Josiane Muzaneza : Dans cette même chanson, vous faites ressortir l’envie de s’exiler que partagerait beaucoup de burundais. Qu’est-ce qui vous a conduit à une telle conclusion alors que les autorités ne cessent de chanter la paix recouvrée et le développement dans tous les secteurs,
Daniel Ngendakumana : A travers les témoignages et les renseignements qu’on trouve partout, c’est confirmé que si obtenir un passeport était plus facile, une grande partie de la population aurait déjà quitté le pays. De nombreux burundais cherchent des moyens d’émigrer vers des destinations telles le Canada, la Zambie, même dans les pays en conflit comme la RDC, espérant un avenir meilleur ailleurs. Vous vous souvenez du cas de la Serbie et de certains pays arabes. Cette réalité contraste avec le discours officiel qui vante la stabilité nationale. Pourtant, certains secteurs économiques comme le tourisme, peinent à se relever. Ce qui prouve que la situation n’est pas florissante qu’on le prétend.

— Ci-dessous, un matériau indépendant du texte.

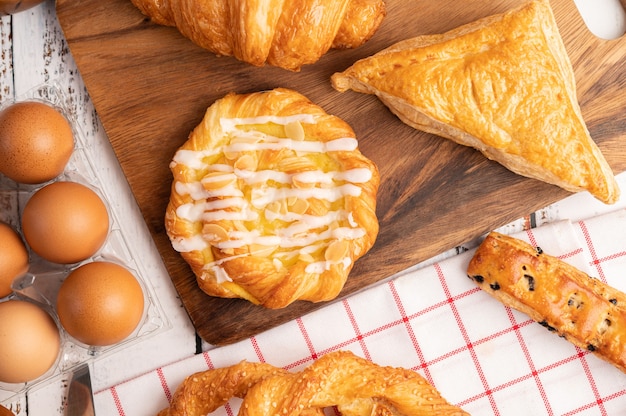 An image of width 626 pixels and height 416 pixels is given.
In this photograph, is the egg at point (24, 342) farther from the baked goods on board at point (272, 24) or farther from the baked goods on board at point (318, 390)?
the baked goods on board at point (272, 24)

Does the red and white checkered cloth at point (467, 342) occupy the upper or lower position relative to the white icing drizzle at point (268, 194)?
lower

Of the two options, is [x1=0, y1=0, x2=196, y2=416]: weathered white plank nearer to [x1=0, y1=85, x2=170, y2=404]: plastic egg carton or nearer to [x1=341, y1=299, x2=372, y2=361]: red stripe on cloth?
[x1=0, y1=85, x2=170, y2=404]: plastic egg carton

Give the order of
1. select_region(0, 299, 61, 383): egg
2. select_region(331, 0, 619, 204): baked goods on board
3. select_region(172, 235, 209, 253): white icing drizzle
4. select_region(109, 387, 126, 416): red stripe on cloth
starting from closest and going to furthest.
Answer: select_region(0, 299, 61, 383): egg < select_region(331, 0, 619, 204): baked goods on board < select_region(172, 235, 209, 253): white icing drizzle < select_region(109, 387, 126, 416): red stripe on cloth

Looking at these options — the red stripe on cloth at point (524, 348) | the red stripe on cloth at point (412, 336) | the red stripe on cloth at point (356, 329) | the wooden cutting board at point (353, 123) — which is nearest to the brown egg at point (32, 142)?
the wooden cutting board at point (353, 123)

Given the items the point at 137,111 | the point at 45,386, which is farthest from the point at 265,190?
the point at 45,386

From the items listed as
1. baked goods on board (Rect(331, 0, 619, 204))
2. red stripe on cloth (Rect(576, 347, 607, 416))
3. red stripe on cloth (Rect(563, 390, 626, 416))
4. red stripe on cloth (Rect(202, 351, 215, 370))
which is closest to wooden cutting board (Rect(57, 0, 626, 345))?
red stripe on cloth (Rect(202, 351, 215, 370))

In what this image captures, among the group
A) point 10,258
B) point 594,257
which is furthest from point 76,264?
point 594,257

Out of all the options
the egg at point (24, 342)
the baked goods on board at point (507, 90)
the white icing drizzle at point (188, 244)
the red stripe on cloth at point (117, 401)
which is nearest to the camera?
the egg at point (24, 342) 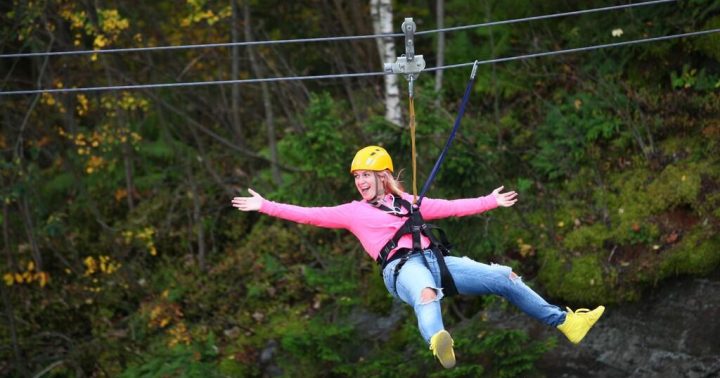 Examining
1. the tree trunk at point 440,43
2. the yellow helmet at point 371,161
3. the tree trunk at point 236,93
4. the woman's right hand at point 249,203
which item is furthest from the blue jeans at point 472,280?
the tree trunk at point 236,93

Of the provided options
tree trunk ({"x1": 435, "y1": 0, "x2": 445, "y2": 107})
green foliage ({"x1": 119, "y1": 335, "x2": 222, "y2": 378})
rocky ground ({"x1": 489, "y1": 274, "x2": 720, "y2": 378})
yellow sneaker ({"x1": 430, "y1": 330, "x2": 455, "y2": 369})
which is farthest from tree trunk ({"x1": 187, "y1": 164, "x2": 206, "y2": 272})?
yellow sneaker ({"x1": 430, "y1": 330, "x2": 455, "y2": 369})

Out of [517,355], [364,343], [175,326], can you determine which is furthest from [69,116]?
[517,355]

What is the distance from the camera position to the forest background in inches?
390

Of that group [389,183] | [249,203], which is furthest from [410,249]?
[249,203]

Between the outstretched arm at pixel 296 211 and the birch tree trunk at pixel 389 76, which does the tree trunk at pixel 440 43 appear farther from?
the outstretched arm at pixel 296 211

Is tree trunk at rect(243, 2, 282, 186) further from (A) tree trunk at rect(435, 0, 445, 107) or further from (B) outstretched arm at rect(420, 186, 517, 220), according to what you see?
(B) outstretched arm at rect(420, 186, 517, 220)

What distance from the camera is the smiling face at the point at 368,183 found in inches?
252

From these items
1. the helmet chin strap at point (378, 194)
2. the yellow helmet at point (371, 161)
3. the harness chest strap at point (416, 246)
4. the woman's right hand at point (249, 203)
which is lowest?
the harness chest strap at point (416, 246)

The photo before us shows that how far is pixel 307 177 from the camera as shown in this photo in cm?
1045

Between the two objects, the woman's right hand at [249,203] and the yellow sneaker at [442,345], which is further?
the woman's right hand at [249,203]

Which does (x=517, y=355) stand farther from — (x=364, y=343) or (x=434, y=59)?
(x=434, y=59)

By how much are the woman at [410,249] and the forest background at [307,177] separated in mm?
2631

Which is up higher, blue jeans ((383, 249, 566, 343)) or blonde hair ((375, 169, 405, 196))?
blonde hair ((375, 169, 405, 196))

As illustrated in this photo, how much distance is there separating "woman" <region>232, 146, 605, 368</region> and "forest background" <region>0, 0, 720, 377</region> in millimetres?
2631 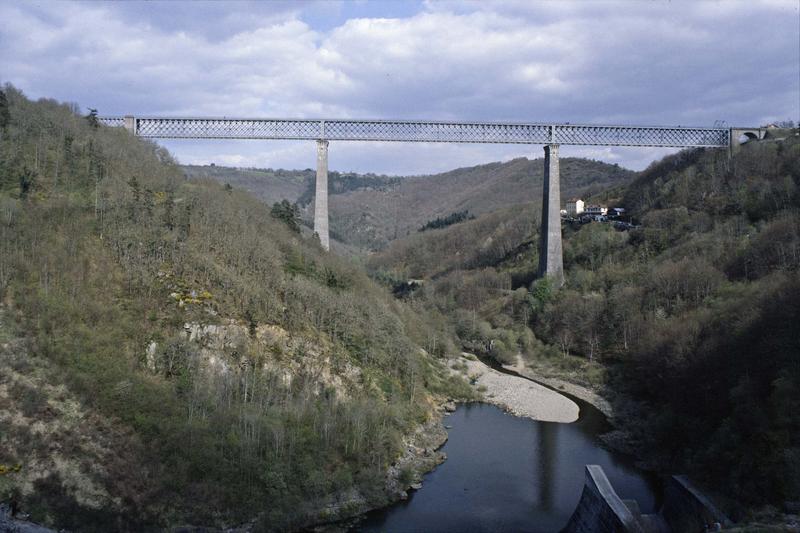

Josiane Muzaneza : Vous dites dans votre chanson que tous les efforts consentis jusqu’à présent par les burundais ont été réduits à néant. Voulez-vous dire par là qu’il n’y a plus d’espoir et que les burundais devrait se résigner ? Si non, qu’est-ce qui devrait être fait pour arriver à un changement significatif ?
Daniel Ngendakumana : Vous savez, les burundais font face à de nombreux obstacles. Les citoyens ordinaires n’ont en fait que peu de pouvoir et leur influence se limite au vote. Or, quand ce processus est verrouillé et manipulé, il devient inefficace et cela pousse les gens à envisager d’autres moyens de transformation sociale et politique. Dans l’histoire du pays, il y a toujours eu des moyens de remettre en question le system en place. Autrefois, les rois étaient démis lorsqu’ils échouaient à gouverner. Aujourd’hui encore, les burundais s’interrogent sur la meilleure manière de restaurer la justice et l’équilibre du pays. Mais quel que soit la voie choisit, il est essentiel que la population reste unie car les solutions ne peuvent venir que d’un effort collectif. Et là il y a interpellation des forces de défense et de sécurité, partout où elles se trouvent, à l’intérieur ou à l’extérieur. Il est temps d’appliquer ce que la loi exige. Je rappelle que la loi stipule que les forces de défense et de sécurité ont la mission de restaurer la stabilité lorsqu’il y a le désordre dans le pays. Ça c’est une mission que tout homme en uniforme devrait faire sienne comme ce fut d’ailleurs le cas de feu Général-Major Cyrille Ndayirukiye. Il ne faut pas oublier aussi que l’un des préambules de la charte internationale des droits de l’homme stipule que tout citoyen doit être protégé par un état de droit afin qu’il ne soit pas contraint de prendre des armes.